Voorafgaand aan het nieuwe decreet werd eind 2015 een audit naar de werking van de CLB’s opgeleverd. Een aantal duidelijke knelpunten kwamen daarin naar voor. “In de eerste plaats legde de audit de nadruk op neutrale leerlingenbegeleiding. Van bij het begin hebben wij gesteld dat leerlingenbegeleiding niet afhankelijk is van een pedagogische visie, wel van de zorgnoden. Meer samenwerking betekent een efficiëntere inzet van de middelen op het onderwijsterrein,” zegt Kathleen Krekels. “In het nieuwe decreet wordt samenwerking vanaf 2023 een erkenningsvoorwaarde en dus verplicht. Als het van de N-VA afhangt wordt de werking netonafhankelijk, maar de verplichte samenwerking is al een stap in de goede richting.”

Wat de audit ook duidelijk aan het licht bracht, is de nood aan een duidelijke rolafbakening. Welzijn moet welzijnstaken doen. “De kernactiviteiten van de CLB’s worden nu duidelijk geformuleerd. CLB’s hebben in de eerste plaats een draaischijffunctie. De CLB’s leiden leerlingen naar meer gepaste hulp toe.”
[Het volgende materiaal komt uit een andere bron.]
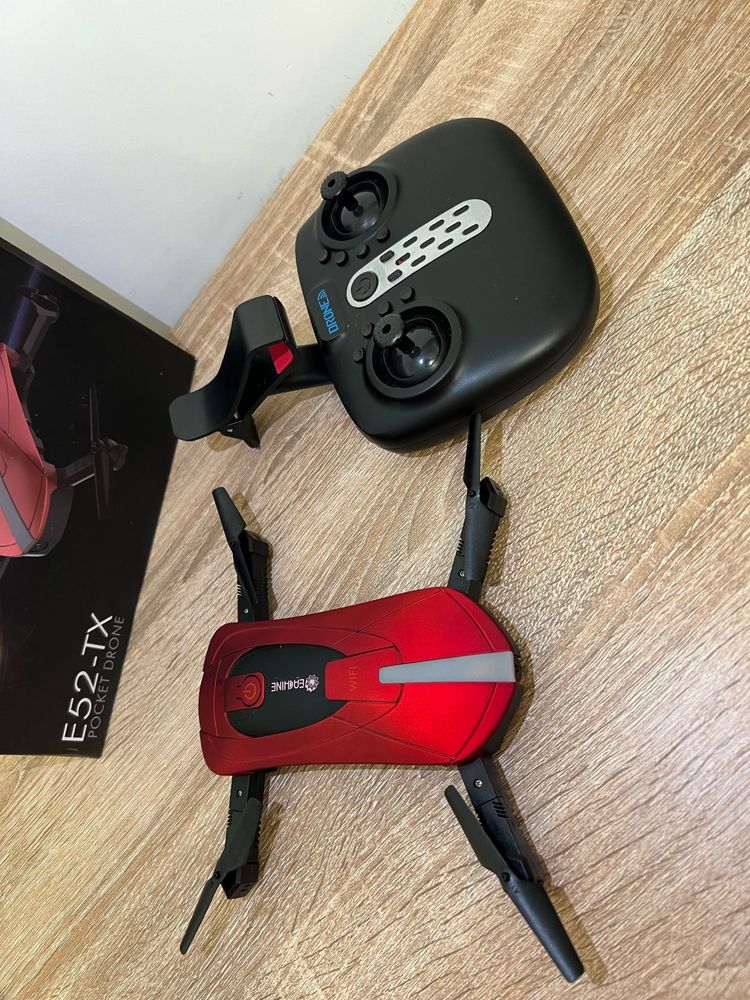 Dronă Eachine E52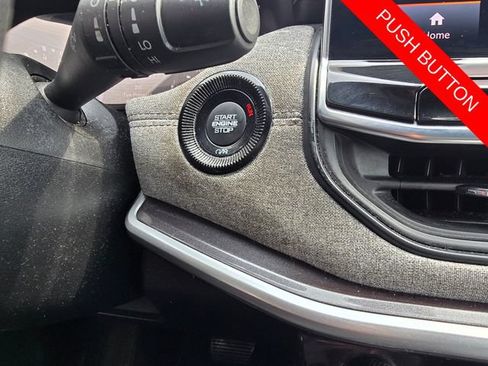 Used 2023 Jeep Compass Latitude AWD/4WD image 20
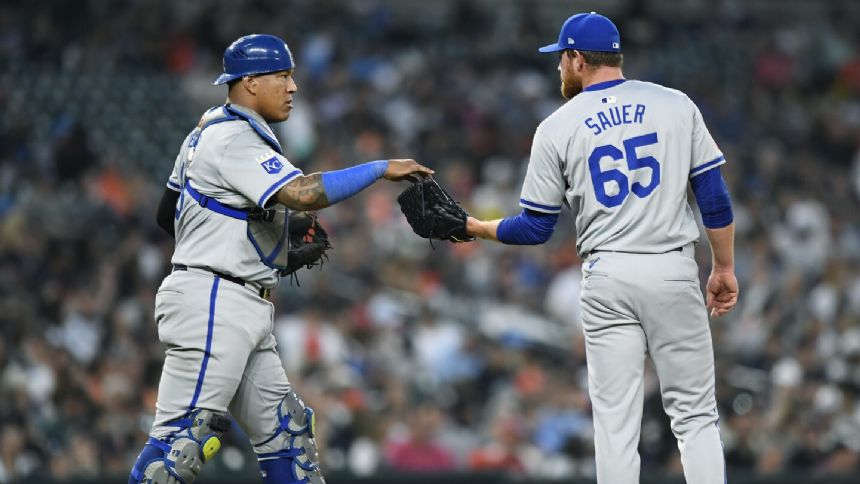 Royals C Salvador Perez scratched from game against Blue Jays because of tight back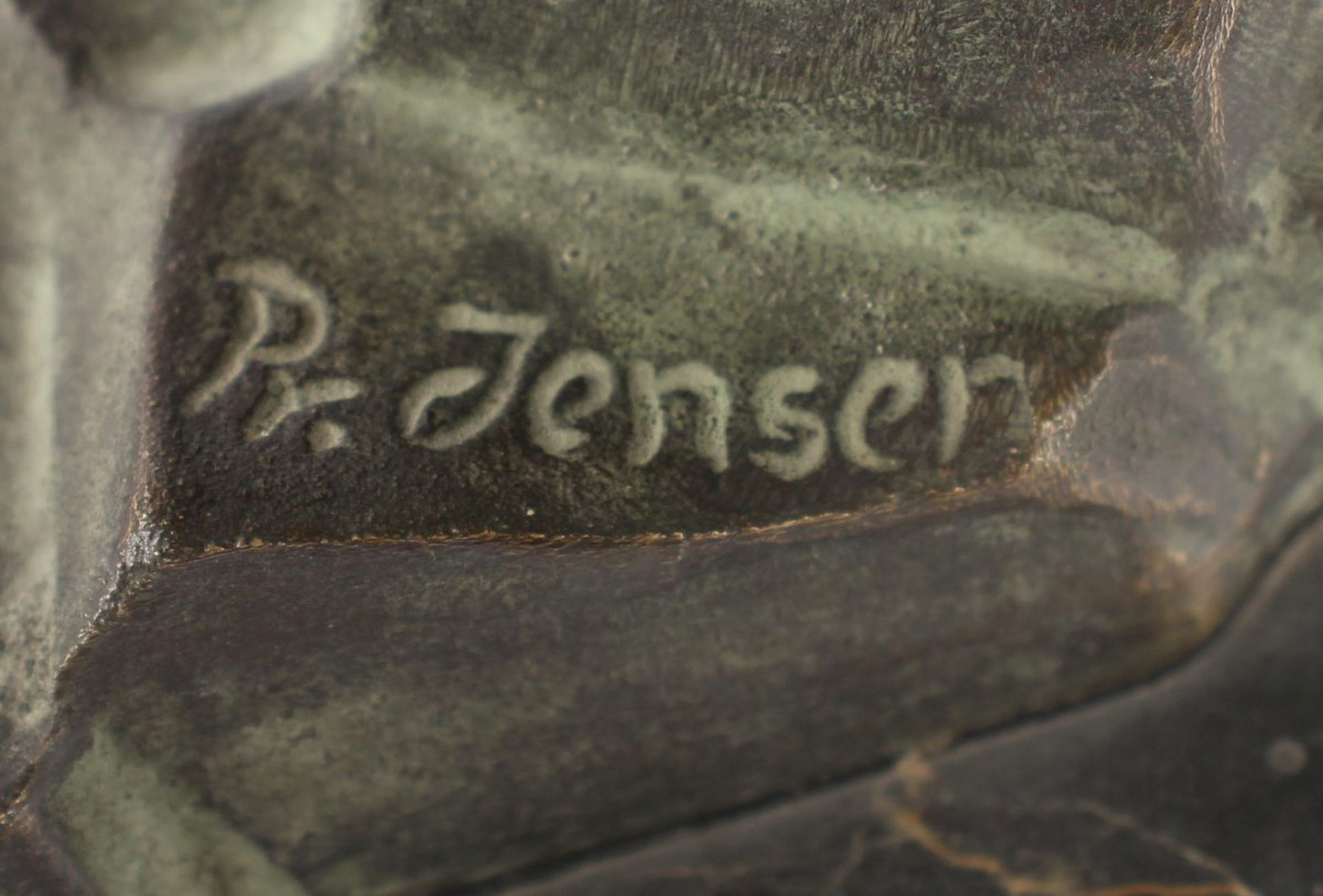 JENSEN, Peter Marius (Frederica *1883), "Adler", Bronze, Schnabel aus Bein, signiert, H 22, Dm 27 - Bild 5 aus 5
Voor de N-VA is het essentieel dat de CLB’s zichtbaarder zijn in de scholen, en toegankelijker voor de ouders. Ook dat werd in de audit beklemtoond. “Artikel 11 van het nieuwe decreet bepaalt dat leerlingen bij het centrum terecht moeten kunnen voor en na de schooluren. Ook tijdens de schoolvakanties zullen er voldoende contactmomenten zijn.”